Acompañamos, por primera vez, a nuestro amigo de la SEO por uno de los cuadrantes de la provincia para hacer un seguimiento de aves que se efectúa siempre sobre la misma ruta y que se supone es la más característica del ecosistema. Todos los años se hace una ruta en invierno y otras dos en la primavera, siempre a la misma hora, divididas en etapas en un tiempo preciso para intentar conseguir una estadística de la evolución de las aves en cada comarca.

Fue muy, muy divertido e interesante. El SACRE de invierno es el más sencillo, con menos especies y todas muy conocidas. En la primavera, la cosa se complica y hay que identificar, las más de las veces por oído, cientos de especies que pululan vertiginosas por entre los árboles y zarzas, anotando sin parar… Aquella mañana comenzó con un sol estupendo, dejamos el coche en un ensanche del camino, mi amigo se armó con su grabadora y ambos con nuestros prismáticos nos lanzamos a escuchar y visionar. Nuestra ruta se dividía en ocho etapas perfectamente delimitadas de quince minutos cada una. “Tres trigueros dentro”, “dos milanos reales fuera”…, “bando de veintidós estorninos negros, con dos o tres pintos acogidos”, “tres cogujadas comunes fuera”, “once gorriones comunes y cuatro palomas bravías dentro”… (dentro es en un radio de veinticinco metros y fuera, más lejos). Levantamos multitud de liebres y conejos, buena noticia para la dieta de las rapaces. Los milanos negros, según parece, aún no han venido de África.
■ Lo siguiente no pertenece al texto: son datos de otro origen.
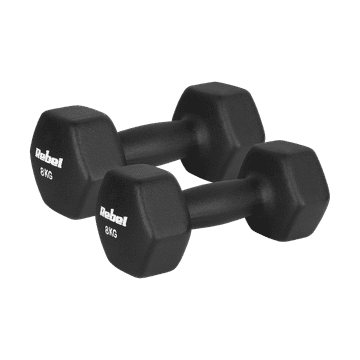 Rebel Litoželezne neoprenske uteži HEX 2x8kg za vadbo Rebel fitnesa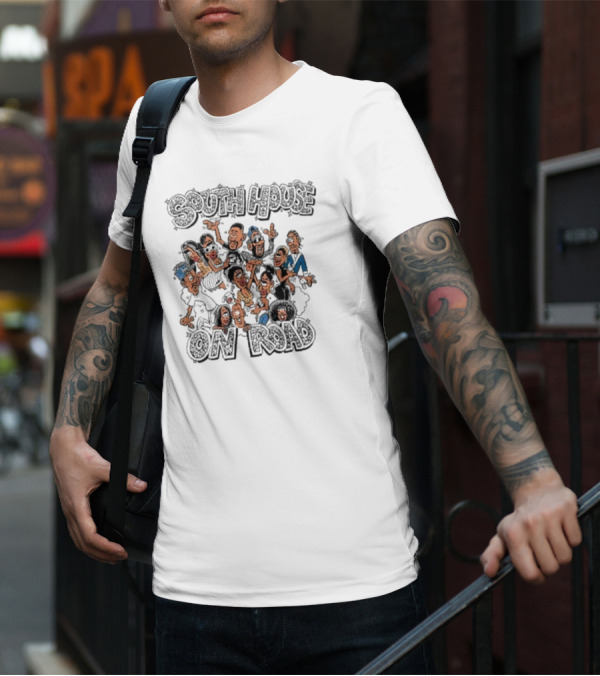 Freakorico South House On Road Cartoon Characters T-Shirt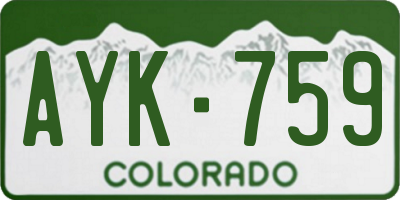 CO license plate AYK759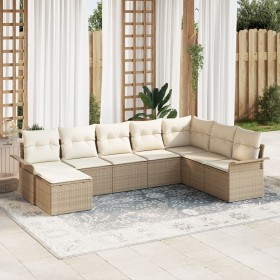 Set de sofá de jardín de 8 piezas con cojines ratán beige de , Sofás de exterior - Ref: Foro24-3345481, Precio: 558,74 €, Des...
De curiosidad poca cosa: una garza real, un esmerejón, un par de mochuelos, pocas alondras y calandrias, alguna tarabilla con tres o cuatro alcaudones. Lo más normal, urracas, cornejas, chovas piquirrojas…, ni un solo cuervo, pero vimos una estupenda grajilla de cabeza gris, brillando bajo el sol, sobre nuestras cabezas.
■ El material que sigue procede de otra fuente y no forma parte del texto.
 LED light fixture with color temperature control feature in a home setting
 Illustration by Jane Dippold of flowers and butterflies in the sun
Lo mejor, sin duda, la bandada de pardillos comunes, que nos salió a la entrada del pueblo: uno se puso en una zarza, a unos dos metros, a darnos el recital. Era joven y en el rojo sangre del pecho casi todo plumón; aún no tienen el trino tan elaborado de la primavera, pero se entregó exhibicionista, el chaval…

Y las señoras más elegantes y presumidas del páramo castellano, las avefrías. Comenzamos: “mira, fíjate bien entre los sembraos…”, “dos avefrías dentro, cuatro fuera”…, ocho, doce… dentro, fuera y en medio… Un lujo, como se pasean enseñoreadas con sus penachos inhiestos sobre sus gráciles cabezas. Los reflejos de su plumaje, bajo el sol de febrero, se vuelven multicolores, cuando emprenden el vuelo.